I'm out the door right now so I'll be brief. D19 was 16 when H left for 2 years; HER junior and senior year in HS and she cried and asked him not to go and he said "But the dream job will pay so much and we'll all be happy blah blah blah" like a bigger 401k would make HER happier... I cannot say she was hard for me, in fact when he left we got very close. I also have a d11 (then 8) and a s22 who was mostly out of the house at college.

So here h and I are together, a "happy ending" story and still M. It's a few years later. But when d19 left for study abroad last month, the night before she left she told me a lot of things that she feels and revealed how damaged she is though she seems to have it "all together".... for one, she does not think she'll EVER GET MARRIED, and does not know how she feels about the whole idea of a monogamous M, etc. Also she is confronting other issues (religious faith and she has always been an "old soul" more religious than the other kids and more kind and spiritual) so she is really confronting a lot. She admits she was deeply hurt by her dad's choice "to not be part of my life" although h does NOT see it that way.
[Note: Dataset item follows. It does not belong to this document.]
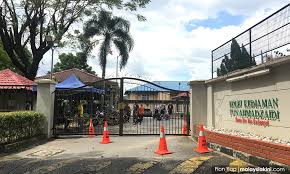 Universiti malaya (um) kini merupakan universiti terbaik di malaysia dan tempat ke 65 dalam ranking dunia. Malaysiakini Kerajaan Mungkin Benarkan Pelajar Ipt Balik Kampung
She's an actress and I read a scene she wrote. It discusses the selfishness of men in general and why a woman would say "no" to a m proposal. It broke my heart to read. Yes, it made me mad at H all over again which is super NON-productive...but still, real. I have to show her the good sides of H and men in general. I like men. But then, maybe I showed too much anger when h left? I hope not. God knows I worked hard as h--- not to show it in front of the kids.
I once said "h is confused but he loves you..." and d19 (then 17) said
"I don't think dad is confused, I think he's just selfish..." OUCH!!

I pray that in time their R will heal. I am confused as to what to tell h, since I don't want to break her confidence AND don't want to hurt h unecessarily since it makes him defensive and is it really helpful? I just want to do something constructive here. I want him to know the "urgency" of the matter without getting him defensive or angry. A fine line to walk...
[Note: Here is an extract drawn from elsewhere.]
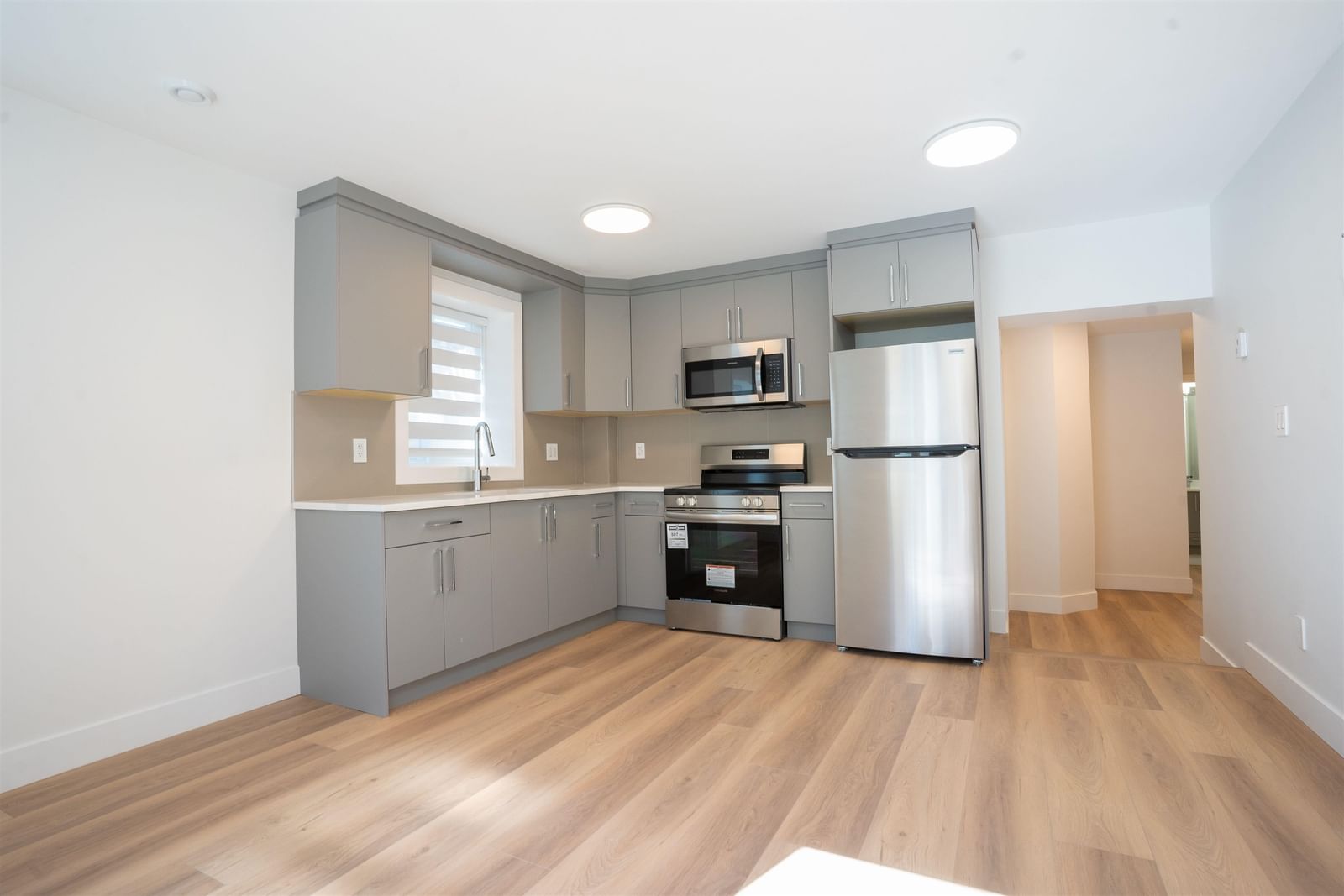 Listing Image 11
Yes the kids (girls especially I think, since they are noticing boys more at this age) notice the WAS actions (and ours) we have to recall that all WE can do, is model for them what a woman (LBSer) does in the face of deep wounds of betrayal. We must model that though our pain is deep and real for us, it also is NOT permanent and it is not fatal. We will heal and laugh and love again. We can start now. And the biggest thing for us to do, the only thing we can do, is to teach them how to forgive. We do this, by modelling it ourselves.
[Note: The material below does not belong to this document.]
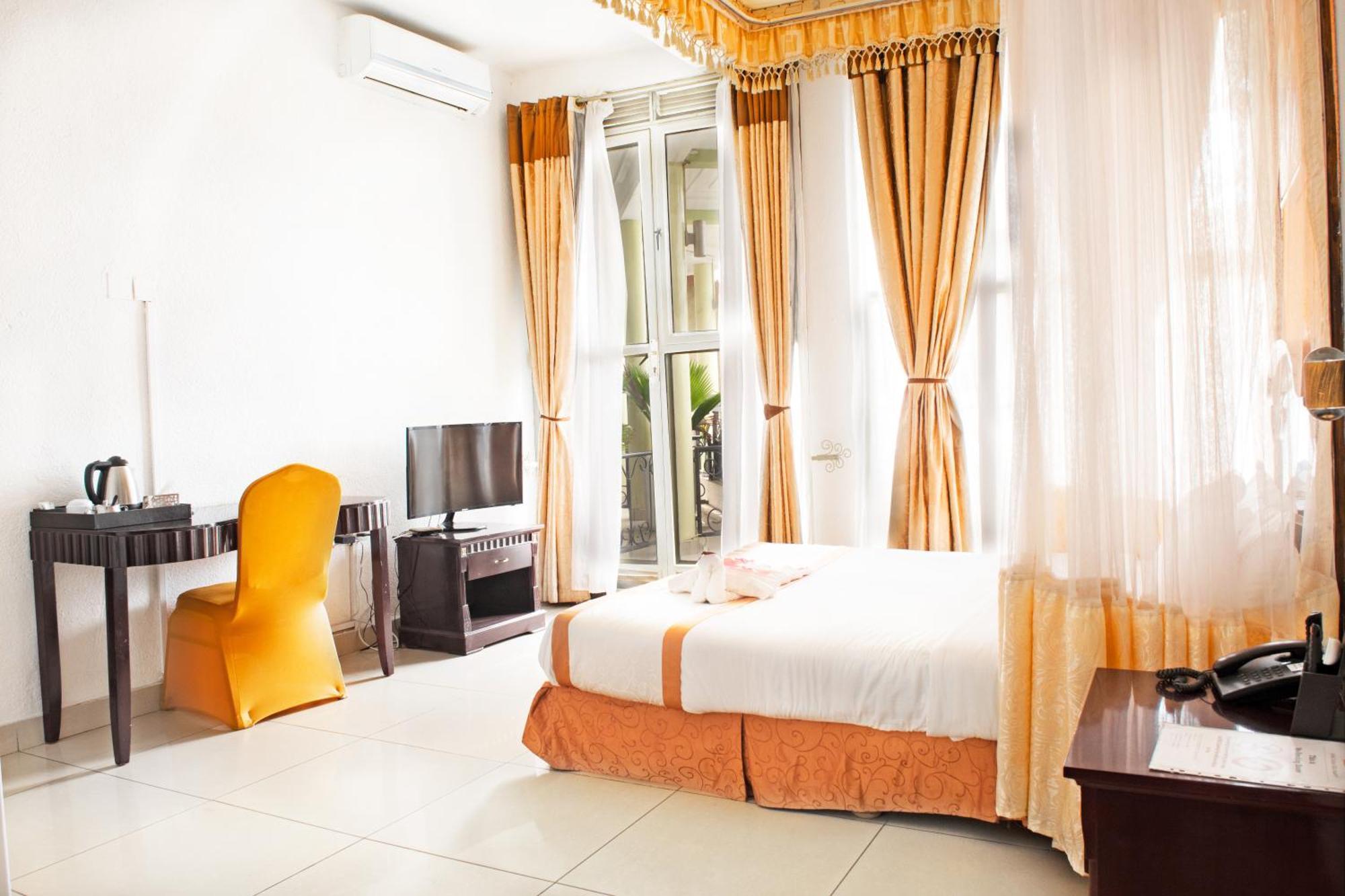 Dolce Vita Resort Hotel Бужумбура Екстериор снимка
Hence my signature. I want to somehow get thru to H that we have to treat each other with as much respect as possible (and in our sitch, also loving affection) in front of d's b/c they are watching.

What happened to me was very unfair. But I'm not throwing in the towel and I really want them to see that there was a good reason for that. That their dad is a good guy with some great traits, and who loves them; he would kill or die for them and that is true. It really is. That should matter some. Hope so.

(sigh) I don't know if this helps but I know I've been upset since d19 left. She was really hurt by h and I thought a lot of it was worked thru already. I was a fool.
I don't know what d11 thinks but h still has a chance with her. If he shows up for her. Let's pray that happens.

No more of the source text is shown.